We then add the two scaled input, with the bias, and pass them into sigmoid.

> scaleAdd :: DBI repr => ImpW repr h ((Double, Double) -> Double)
> scaleAdd = ImpW $ hlam2 $ \w p -> plus2 (mult2 (zro1 w) (zro1 p)) (plus2 (fst1 w) (fst1 p))

> withBias :: DBI repr => ImpW repr h (Double -> Double)
> withBias = ImpW $ plus

> neuron :: DBI repr => ImpW repr h ((Double, Double) -> Double)
> neuron = com2 (com2 sigmoid withBias) scaleAdd
> neuron1 = app neuron

Now, the hidden layer of type (Double, Double) -> ((Double, Double), (Double, Double))

> hidden = hlam $ \p -> mkProd2 (mkProd2 (neuron1 p) (neuron1 p)) (mkProd2 (neuron1 p) (neuron1 p))

And finally, the whole NN:

> type XOR = (Double, Double) -> Double
> xor :: DBI repr => ImpW repr h XOR
> xor = neuron `com2` (bimap2 scaleAdd scaleAdd) `com2` hidden

But before we can train it, we need to define the dataset and the loss function.

> l2 :: DBI repr => repr h (Double -> Double -> Double)
> l2 = hlam2 $ \l r -> (mult2 (minus2 l r) (minus2 l r))
> l22 = app2 l2

> eval :: DBI repr => repr h (XOR -> ((Double, Double), Double) -> Double)
> eval = hlam2 $ \xor p -> l22 (app xor (zro1 p)) (fst1 p)

> dataset :: DBI repr => repr h [((Double, Double), Double)]
> dataset = cons2 (build 0 0 0) (cons2 (build 0 1 1) (cons2 (build 1 0 1) (cons2 (build 1 1 0) nil)))
>   where build l r ret = mkProd2 (mkProd2 (lit l) (lit r)) (lit ret)

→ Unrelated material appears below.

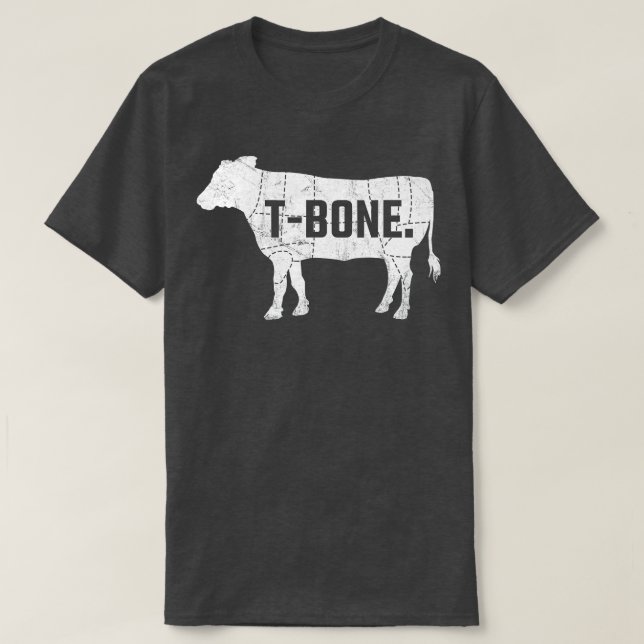 Funny Beef BBQ T-Bone Steak Shirt T Shirt (Design framsida)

However, unlike Poly, there are more than one datapoint, so we need to use a list, and map xor onto it.

> loss :: DBI repr => repr h (XOR -> Double)
> loss = hlam $ \xor -> fix2 (hlam $ \self -> listMatch2 litZero (hlam2 $ \x xs -> plus2 x (app self xs))) (map2 (app eval xor) dataset)

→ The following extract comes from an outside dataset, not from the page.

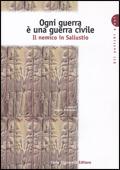 Ogni guerra è una guerra civile. Il nemico in Sallustio.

Let's try to print the thing.

> main :: IO ()
> main = case runImpW $ noEnv xor of RunImpW xor -> inner xor
>   where
>     inner :: forall w. Weight (Term DBI) w => Term DBI () (w -> (Double, Double) -> Double) -> IO ()
>     inner (Term xor) = do
>       print $ runShow xor vars 0

now you will see a list of gibberish

>       initWeight :: w <- randomRIO (randRange (-0.01, 0.01))

Getting random weights...

>       diffAST (runWDiff xor :: Term DBI () (Diff w (w -> XOR))) initWeight
>         (selfWithDiff :: Term DBI () (w -> Diff w w)) (runWDiff $ noEnv loss :: Term DBI () (Diff w (XOR -> Double)))
>         ((hlam3 $ \d o n -> minus2 o (mult2 d n)) :: Term DBI () (Double -> w -> w -> w))
>     diffAST (Term xor) weight (Term wdiff) (Term loss) (Term update) =
>       go (runEval xor ()) weight (runEval wdiff ()) (runEval loss ()) (runEval update ()) 0
>     go :: forall w. P.Show w => (Diff w (w -> XOR)) -> w -> (w -> Diff w w) -> (Diff w (XOR -> Double)) -> (Double -> w -> w -> w) -> Int -> IO ()
>     go xor weight reify loss update i | i <= 2500 = do
>       when (isSquare i) $ do
>         print weight
>         print lossVal
>         putStr "\n"
>       go xor (update 0.3 weight lossDiff) reify loss update (1 + i)
>       where
>         (lossVal, lossDiff) = loss $ xor (reify weight)
>     go _ _ _ _ _ _ = return ()

And the main loop. Basically we take the derivative of stuff, eval them, and use the derivative of loss to update the weights.